Posts Tagged: search


11
Sep 08

Search, Lifestreaming and Outsourcing

Google’s Marisa Mayer has written a post about the future of search.  There are a lot of non-trivial problems in some of the scenarios she describes, but I see others – such as location-assisted search – as very useful next steps.  The real point here is that our metaphors of search will change; right now, we use text to sum our anomalous knowledge state, but in the future our location, or relative position in a social network, or even everyday analytics like the outside temparature may guide and inform our searches.  The real next steps in search are the integration and vectoring of search using such data.  To experience this, do a location-based search in Google maps on the iPhone – this is a very early snippet of the future.

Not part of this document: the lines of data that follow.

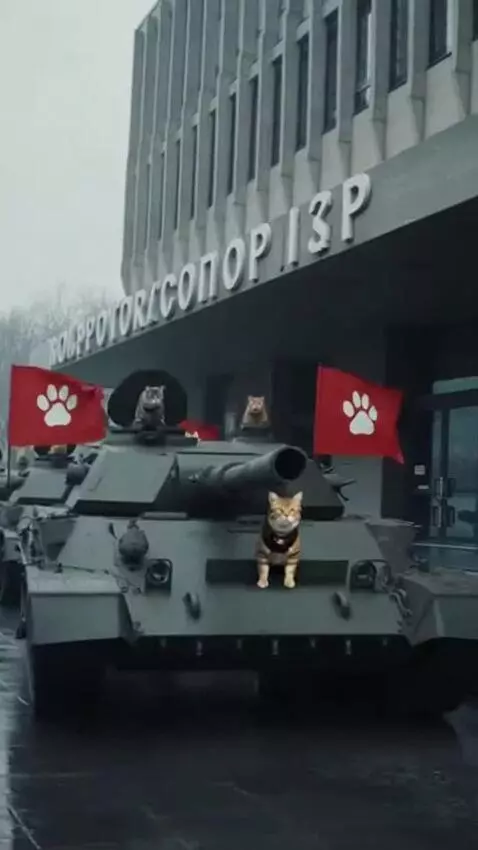 AI Video from prompt: Cats on tanks storm the POCKOMPOZOR building and
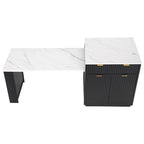 K&K 82.6' Fluted Kitchen Island with Extendable Dining Table for 4-6, Island Table for Kitchen with Power Outlet, Kitchen Table with Double-Side Storage, 2 Drawers 2 Side Open Shelves, Black - Grand Goldman Shop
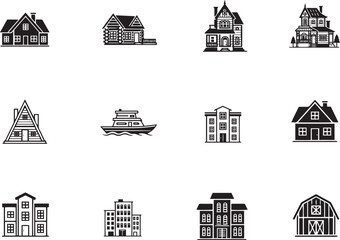 A diverse collection of building and property icons in a flat monochrome style. Includes houses, apartments, a barn, and a boat.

The WaPo writes about Lifestreaming (or more appropriately, Datastreaming).  This article focuses on everyday data collection and the tools we use to collect and share such data.  I see Datastreaming as the vanguard of ubiquitous computing.  That is, ubicomp isn’t Bell’s SenseCam, but rather the collection of streams we choose to share (as well as those recorded about us).  Server logs, surveillance cameras, datastreams, lifestreams – these are the “streams” we should be building ubicomp applications to use and support (rather than the traditional paradigm of us integrating ubicomp into our lives).  Chris Messina, featured in the article, delivers another fantastic blog entry, providing a little more background on the article.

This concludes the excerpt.